Now layer on the breast meat and do the same. You might need to slice up the breasts so they lay more flat and even.
Now, using butcher’s twine, truss up the turkey like a Pork Roast. Here’s a video of how to do this. If a bit of the dark meat comes out the skin, its not a big deal.
Here’s a close-up of the knotting process.
This is how it should look when you are done. The roast is now sitting on top of a roasting rack in a disposable aluminum double roasting pan. Put some more Adobo seasoning and salt and pepper and cumin on the top for good measure, cover this with plastic wrap and let him sit in the fridge to marinate for 2 days.

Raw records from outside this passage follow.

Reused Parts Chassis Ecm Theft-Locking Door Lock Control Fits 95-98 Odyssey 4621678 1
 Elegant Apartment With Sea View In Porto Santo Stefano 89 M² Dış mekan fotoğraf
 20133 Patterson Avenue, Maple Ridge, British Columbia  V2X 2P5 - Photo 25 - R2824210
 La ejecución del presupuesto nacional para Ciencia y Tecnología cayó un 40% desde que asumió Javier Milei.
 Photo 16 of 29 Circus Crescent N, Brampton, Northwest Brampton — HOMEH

When its time to cook the roast, put your root vegetables (Onion, Carrots) in the bottom of the aluminum pan. I used a Weber Bullet to smoke the roast over charcoals and hickory at approximately 225 degrees for 3 1/2 hours, or until the internal temperature of the meat was around 155 degrees, which is par-cooked, because i was going to transport it to my in-laws and re-heat it in the oven at 325 for about a half an hour. If you are going to fully cook the turkey in your backyard grill, it should probably take about 4 to 4 and a half hours, or until the temperature of the meat with a probe reaches 165 degrees.
Here’s a little bit of dark meat we grabbed off the roast. That pink color comes from the smoke.
Here’s the pan juices. We thew the whole lot into a blender with some additional stock (remember that carcass you cooked?) and made it into gravy.
Here’s the Pavochon, just out of the BBQ Smoker.
Here’s the table at my in-laws, set and ready to go.
Here’s the Pavochon after being re-heated in the oven.
Smoked Turkey wing, for mom.
Here’s the Pavochon sliced up, in all of its glory.
What do you serve Pavochon with? Well, we wanted to amp up the vegetable content with this meal, so we decided to whip up some “Boriqua Slaw”. This is not a traditional Puerto Rican dish, but its great for a salad course and is a great use for Daisy’s Pinapple Vinagre.
No traditional Puerto Rican meal is complete without Arroz con Gandules. Our version used brown rice, and we also added Calabaza, Puerto Rican Pumpkin. Calabaza is a term for different types of pumpkin that is commonly found in the Caribbean but you can get it in certain Latino supermarkets in major cities. This is what it looks like:
Here is a variety of Calabaza that is sold in Puerto Rico. You can find other varieties with different flesh colorations. Some of the ones that come from other countries have very bright orange flesh. Some of these are so big that they have to sell it in peices wrapped in plastic wrap.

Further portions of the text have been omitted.